North Korea promises ‘expanded, intensified’ military drills

Military top brass meets as armed forces continue preparations for parade expected as early as Wednesday.

North Korean leader Kim Jong Un at a meeting of the party's military commission. He is sitting at at a circular desk with a large flower arrangement on a table in the middle. There are flags behind him and a painting of trees and birds on the wall. He appears to be laughing. He is sitting on a white upholstered chair and is leaning on his crossed elbows on the desk.
North Korean leader Kim Jong Un presides over the meeting of his top generals in Pyongyang, North Korea [KCNA via Reuters]

North Korea has said it will expand and intensify military drills to ensure its armed forces are prepared for any war, according to state media.

The decision came at a meeting of the central military commission of the ruling Workers’ Party on Monday that was chaired by leader Kim Jong Un.

Top of the agenda was “the issue of constantly expanding and intensifying the operation and combat drills of the [Korean People’s Army] … strictly perfecting the preparedness for war,” the official Korean Central News Agency (KNCA) said on Tuesday.

The commission’s meeting took place with North Korea widely expected to stage a military parade on Wednesday to mark the founding anniversary of its armed forces and showcase the latest hardware from its growing nuclear weapons and missile programme.

Commercial satellite imagery has shown North Korean troops practising in formation in Pyongyang.

Lee Sung-jun, spokesperson of South Korea’s Joint Chiefs of Staff, said during a briefing that the South Korean military had detected a “significant increase in personnel and vehicles” in areas related to parade rehearsals but declined to share a specific assessment on when the event would take place.

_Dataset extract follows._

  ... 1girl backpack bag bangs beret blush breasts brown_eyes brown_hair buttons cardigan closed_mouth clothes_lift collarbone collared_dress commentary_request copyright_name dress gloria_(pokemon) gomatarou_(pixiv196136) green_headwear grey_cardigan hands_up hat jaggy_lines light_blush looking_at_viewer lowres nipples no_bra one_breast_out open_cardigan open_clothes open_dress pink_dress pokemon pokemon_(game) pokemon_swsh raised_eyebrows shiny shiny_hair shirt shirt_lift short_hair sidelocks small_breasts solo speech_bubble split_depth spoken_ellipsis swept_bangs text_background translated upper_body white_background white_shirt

A large group of men are watching Kim Jong Un speak at a special stage with a double row of super-large rocket launchers lined up on the road behind them. There are trees in the background and high-rise buildings in the distance.
North Korea could showcase its new military hardware at a parade expected to take place as early as Wednesday [File: KCNA via Reuters]

He added that the South Korean military was closely monitoring developments related to North Korea’s possible creation of a new military bureau related to missiles but did not provide further details. Some analysts say that the new department could possibly handle the development of nuclear warheads and ballistic systems.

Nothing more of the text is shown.